The Imperiali quota or pseudoquota is an unusually-low electoral quota named after Belgian senator Pierre Imperiali. Some election laws used in largest remainder systems mandate it as the portion of votes needed to guarantee a seat.

The Czech Republic and Belgium are the only countries that currently use the Imperiali quota, while Italy and Ecuador used it in the past.. Belgium only uses the Imperiali quota for local elections.

The pseudoquota is unpopular because of its logically incoherent nature: it is possible for elections using the Imperiali quota to have more candidates pass quota than open seats. When more pass quota than the number of open seats, the issue must be resolved using a different method to allocate seats. This method can be as simple as using relative standing in the votes (plurality). Fair allocation of seats can also be done by using the largest remainder rule.

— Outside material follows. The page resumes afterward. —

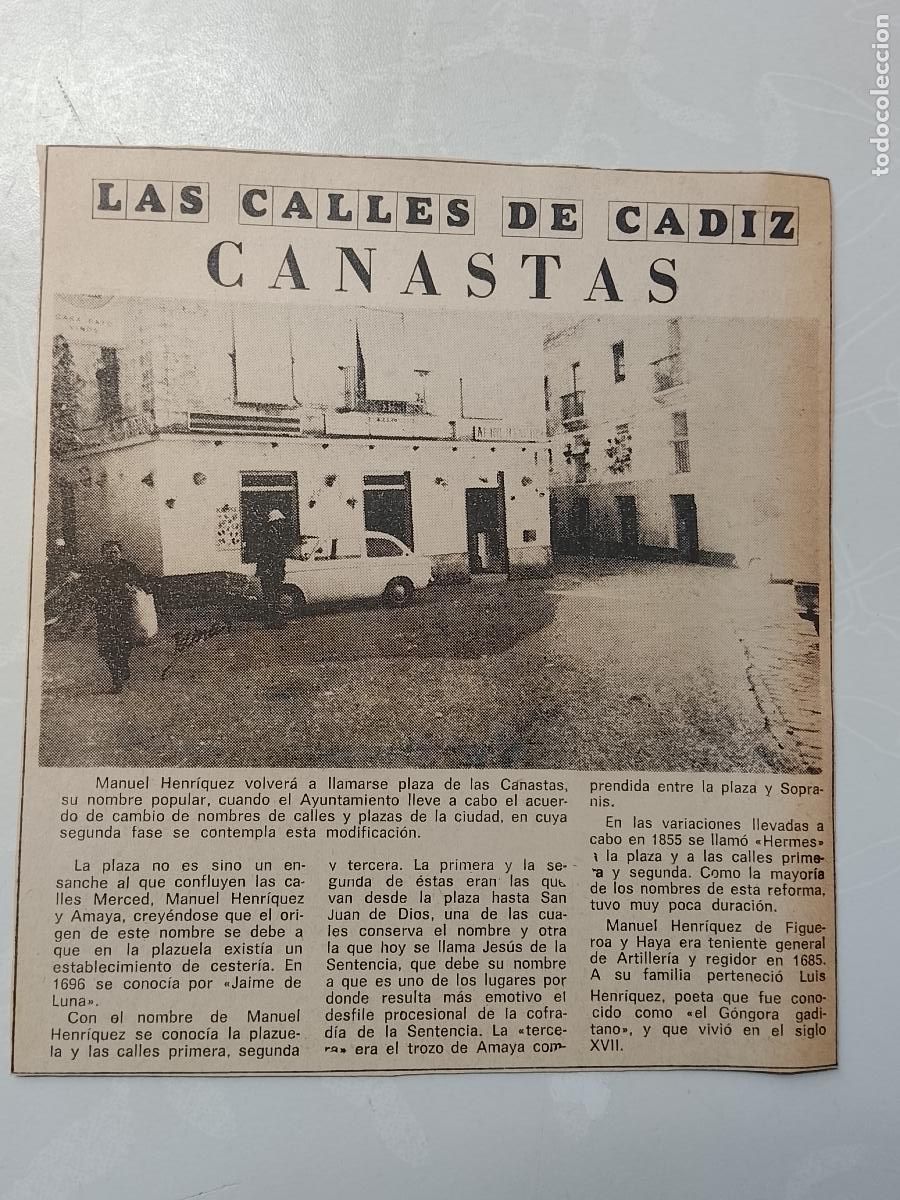 Colecionismo da Revista &iexcl;Hola!: DIARIO 1979 80 RECORTE COLECCION CALLES DE CADIZ CAPITAL - CALLE CANASTAS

In some cases, the use of the Imperiali quota distributes seats in a way that is a hybrid between majoritarian and proportional representation, rather than providing actual proportional representation.

Being smaller than the Droop quota and much smaller than the Hare quota, it primarily aids more popular parties as they may get more seats with the same votes. More-popular parties do not suffer from vote splitting that might deny them additional seats. In addition, certain smaller parties might take a seat due to the Imperiali being lower than the Droop (or Hare), when the same party might be locked out of representation under the Hare or Droop.

The Imperiali quota is a part of the Imperiali seat-allocation method of increasingly smaller quotas used in Belgium local elections.

==Formula==
The Imperiali quota may be given as:

$\frac{\mbox{votes}}{\mbox{seats}+2}$

- votes = the number of valid (unspoiled) votes cast in an election.
- seats = the number of seats on the legislature or committee.
However, Imperiali violates the inequality for a valid fixed quota:

$\frac{\mbox{votes}}{\mbox{seats}+1} \leq \mbox{electoral quota} \leq \frac{\mbox{votes}}{\mbox{seats}-1}$

By some definitions, a valid fixed quota is a number larger than votes/seats+1 and equal to or smaller than votes/seats minus 1. Imperiali, being smaller than votes/seats+1, is smaller than this window.

It can lead to impossible allocations that assign parties one or two seats more than exist.

==An example of use in Single transferable vote (STV)==
To see how the Imperiali quota works in an STV election imagine an election in which there are two seats to be filled and three candidates: Andrea, Chris and Drew. There are 100 voters as follows:

| 65 voters # Andrea # Chris | 15 voters # Chris # Andrea | 20 voters # Drew |

There are 100 voters and 2 seats. The Imperiali quota is therefore:

$\frac{100}{2+2} = 25$

To begin the count the first preferences cast for each candidate are tallied and are as follows:

- Andrea: 65
- Drew: 20
- Chris: 15

Andrea has reached the quota and is declared elected. He has 40 votes more than the quota so these surplus votes are transferred. They go to Chris. The tallies therefore become:

- Chris: 55
- Drew: 20

Chris has now reached the quota so is declared elected. The winners are therefore Andrea and Chris. The use of the Imperiali quota thus did not prevent fair voting. The vote transfer ensured that the voting block that preferred Andrea and Chris did not suffer from vote splitting.

If two candidates had achieved quota on the first count, say each with 35 percent of the vote, there would have been no votes transferred and the two seats would have been filled by the use of 70 percent of the votes cast.

If by chance all candidates achieved or surpassed quota on the first count, the two seats then could have been allocated just based on relative vote tallies; in case of a tie, by a coin toss or some other method.